Sin el temblor del poeta

 Por Miguel Angel Bustos

La palabra primera (pronunciada cuando el Verbo era un mundo tangible y por lo tanto análogo a la piedra, esa eterna visión de lo estático para la visión y el canto) se transformaría con el tiempo en piedra de magia comparable al sortilegio del gran universo subterráneo: símbolo de unión del cielo y de la tierra.

Desde entonces, las cosmogonías, los relatos de lejanos países poseedores de piedras encantadas, las innumerables hazañas de mensajeros celestes cruzando la tierra en tránsito de custodia o redención. En la América anterior a la conquista, el poeta fue el forjador de infinitas piedras preciosas, de piedras capaces de portentosas proezas alquímicas, de prodigiosas metamorfosis. Hoy, otro poeta americano canta a Las piedras del cielo. Nacido en un siglo en el que la piedra es sólo meteorito, y olvidando el planeta que nos lleva (ese gran meteorito fantasma), Neruda traza su enigma de topacios, de esmeraldas y rubíes en el escenario angosto y en todo mecánico del “cancionero” que inventó y llamó –por paradoja de confusión– Odas elementales.

Con el comienzo de esa serie, al parecer inacabable, Neruda visitó con occidental humildad el sueño minucioso e infinito que nos atrapa devastadoramente. Y a la humildad añadió una verdad, ahora sí, “elemental”, inexistente en los objetos cantados. Con Las piedras del cielo acude a la retórica de organillo soñoliento que llevan sus Odas, tocando con visión de ciego un posible cantar de delirio y profecía. Su poesía no realiza ni cumple la búsqueda del origen de las fantásticas gemas, de las erráticas piedras.

El libro, que intenta ser un solo poema dividido en treinta cantos, arrastra las acostumbradas presencias: Quevedo, en la página 48, en el último verso, por ejemplo. Además de un eco general del Siglo de Oro español. Pero esto no constituiría defecto en sí mismo: es inevitable que la palabra contagie a las palabras. Pero el poeta cae en su propio vacío: la torpeza de emplear figuras que fueron hábitos necesarios en otro creador. A esta trampa antigua hay que sumar el deseo, quizás ingenuo, de realizar la escatología de las piedras, apocalipsis verborrágica que en continua enumeración de lujos sonoros acaba por aniquilar el universo de las mismas palabras.

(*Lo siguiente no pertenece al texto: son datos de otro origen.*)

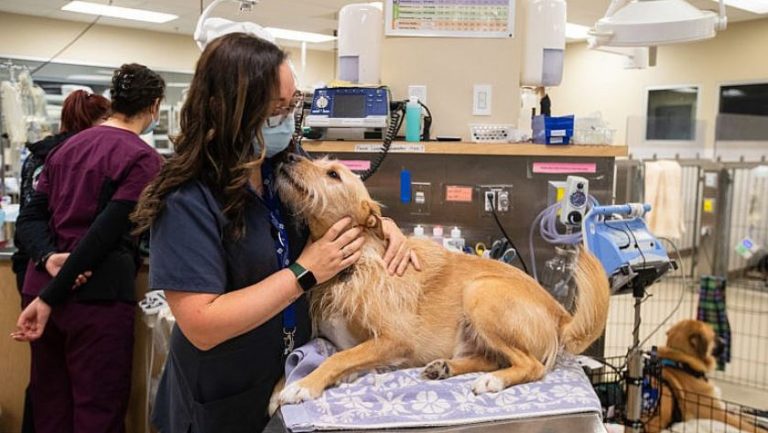 Best Veterinary Schools in Canada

Ya en un libro anterior, La espada encendida, que lleva una cita de la Biblia, Neruda había transitado ese camino que, entre abismos, conduce al poeta a imaginar el poema como el acto religioso por el cual el mundo de los hombres del mundo de las piedras es creado. Una obra semejante es empresa que exige un temblor de profeta y un verbo que, si habla del universo de las piedras, deje de ser verbo para hacerse piedra parlante, iluminadora.

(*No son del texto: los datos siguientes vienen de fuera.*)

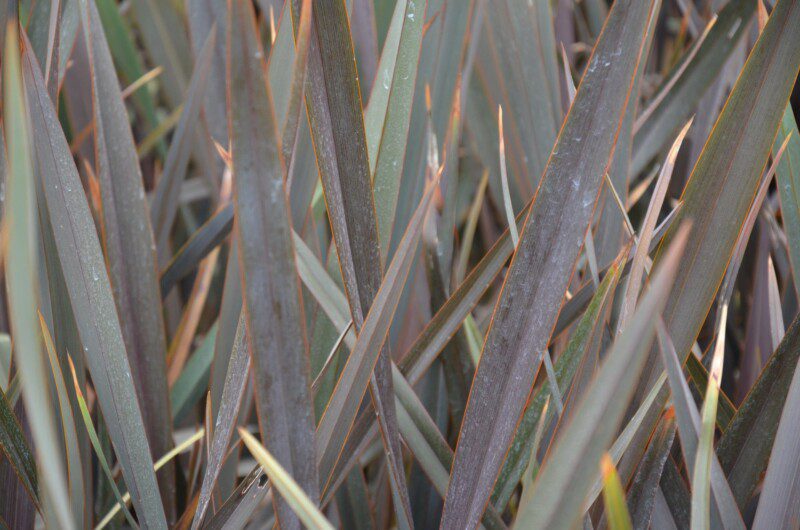 phormium tenax atroporpureum formio 1 1 phormium tenax atroporpureum formio 1 1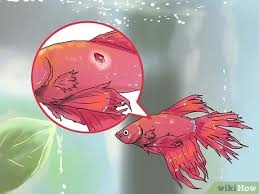 The fins and/or tail start show some. How To Identify Finrot 13 Steps With Pictures Wikihow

Es posible que ya haya pasado, que vaya muy lejana, en otras lenguas, la primavera que hubiera permitido a Pablo Neruda el verbo de esas vastas cosmogonías que él, en su invierno, busca con fiebre y anhelo en libros construidos en su petrificada escuela interior, mientras las celestes piedras de la altura yacen selladas por el enigma.

(Nota sobre Las piedras del cielo de Pablo Neruda, publicada en Panorama el 16/2/1971.)